* EXERCISE INPUTS:
____________________

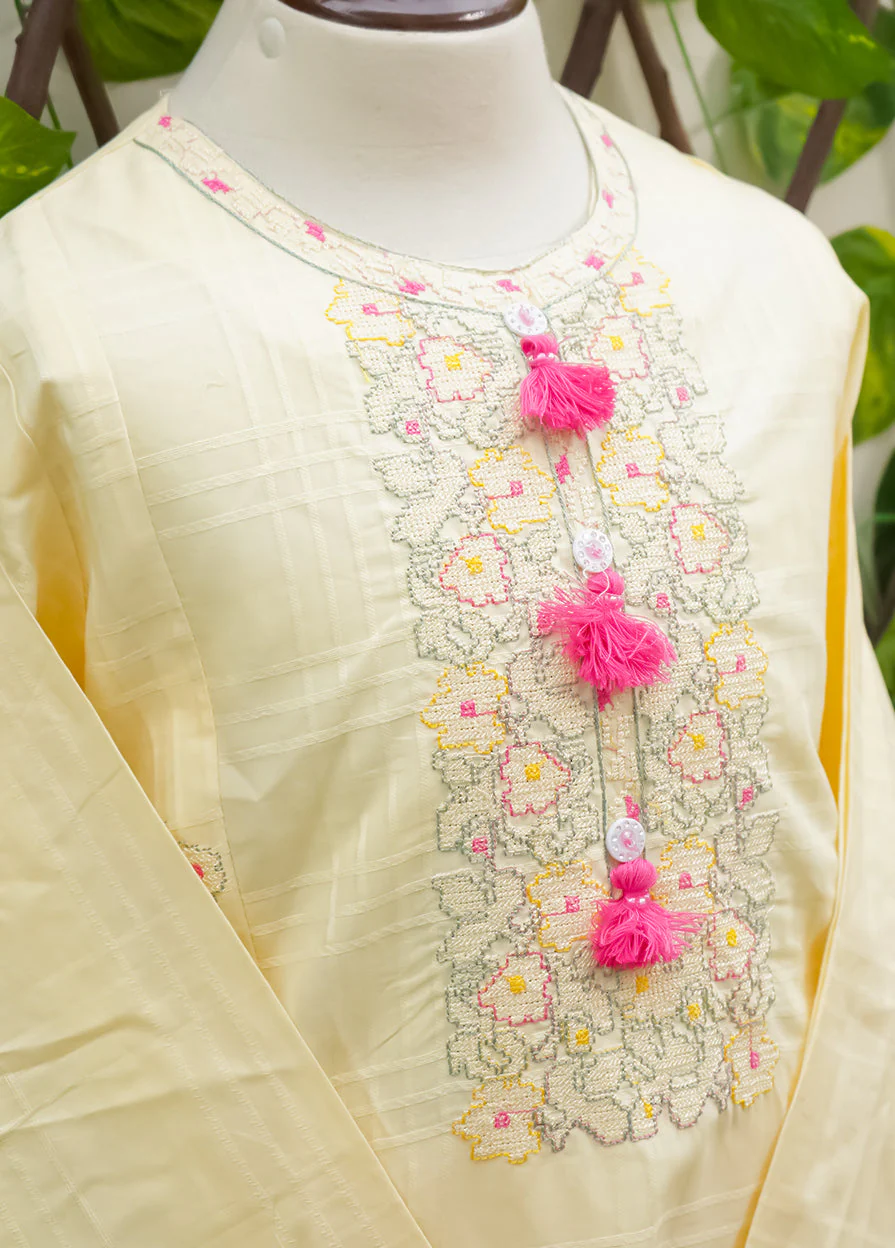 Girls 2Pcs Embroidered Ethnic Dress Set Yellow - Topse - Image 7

____________________

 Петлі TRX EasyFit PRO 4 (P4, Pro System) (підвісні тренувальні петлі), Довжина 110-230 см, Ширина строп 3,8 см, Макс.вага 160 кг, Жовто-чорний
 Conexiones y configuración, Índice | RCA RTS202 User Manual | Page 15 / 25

____________________

* EXERCISE PROMPT: Restate word for word the lines in the material above from the one with "Петлі TRX EasyFit" to the one with "Conexiones y configuración, Índice"; both of those lines count, and nothing else does.

* ANSWER TO THIS EXERCISE:
 Петлі TRX EasyFit PRO 4 (P4, Pro System) (підвісні тренувальні петлі), Довжина 110-230 см, Ширина строп 3,8 см, Макс.вага 160 кг, Жовто-чорний
 Conexiones y configuración, Índice | RCA RTS202 User Manual | Page 15 / 25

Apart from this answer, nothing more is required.